Y muy pronto esos agujeros de campos, de bosques y de mares, abiertos en el concreto, se fueron tragando a la ciudad. Al principio fueron unos pocos valientes los que se atrevieron a meterse a las verdes praderas y correr por las lomas hasta las casas de campo que se veían a lo lejos.

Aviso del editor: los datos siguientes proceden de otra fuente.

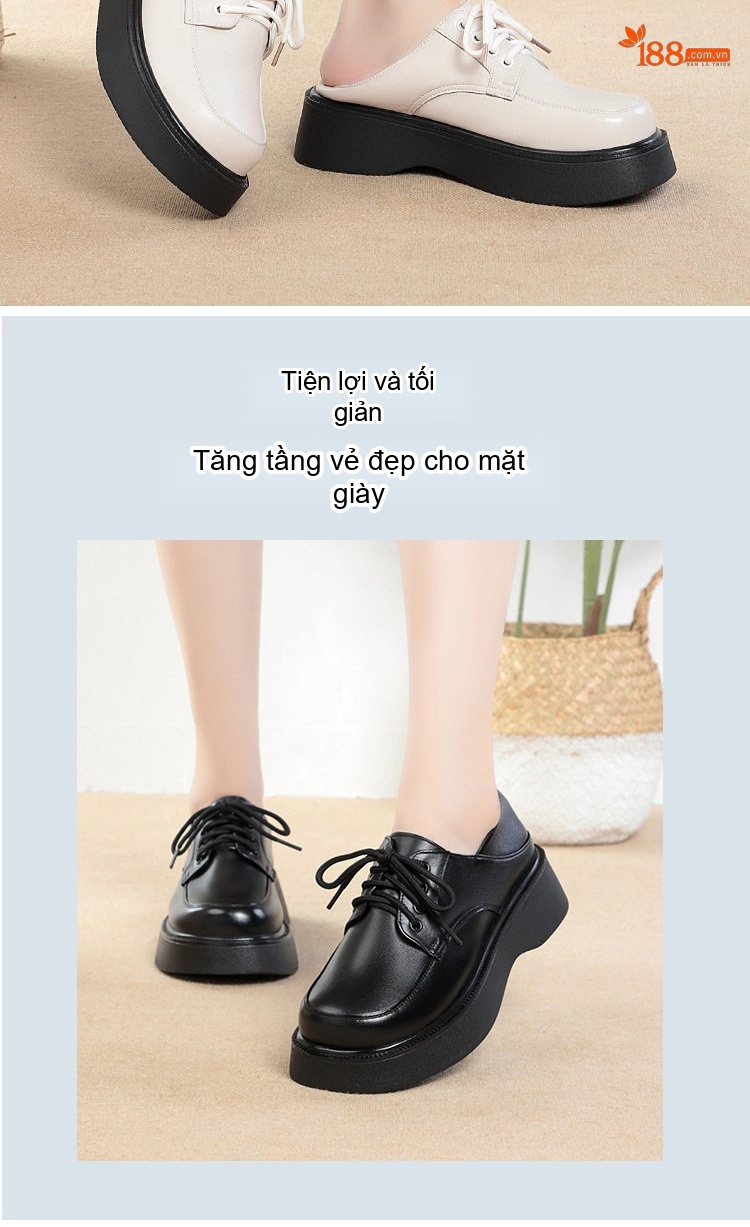 Giày Tây Buộc Dây Nữ Da Bóng Đế Cao 4cm - 5cm Màu Đen, Kem chi tiết 2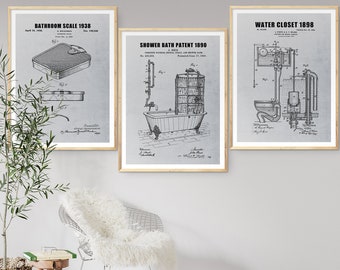 Bathroom Printable Wall Art,Set Of 3,Bathroom Artwork,Bathroom Wall Art,Wash Room Sign,Water Closet Decor,Toilet Art,Toilet Patent,Bathroom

Luego un grupo empujó un bote inflable hacia el mar infinito, y así, cada cual eligió el paisaje que siempre había soñado y se introdujo en la gigantografía respectiva. Hubo aglomeraciones porque al final todos tenían urgencia por irse, ya que se rumoreaba que el gobierno había ordenado retirar los lienzos. Pero la gente se quedó tranquila cuando comprobó que los ministros y hasta el mismo Presidente esperaban su turno para escapar de la ciudad maldita, e irse a alguno de esos parajes llenos de luz.
Fue así como un día la ciudad amaneció despoblada. Sólo quedaban en ella los carteles de los candidatos a alcaldes, mirando con odio a las gigantografías que les habían arrebatado a los votantes.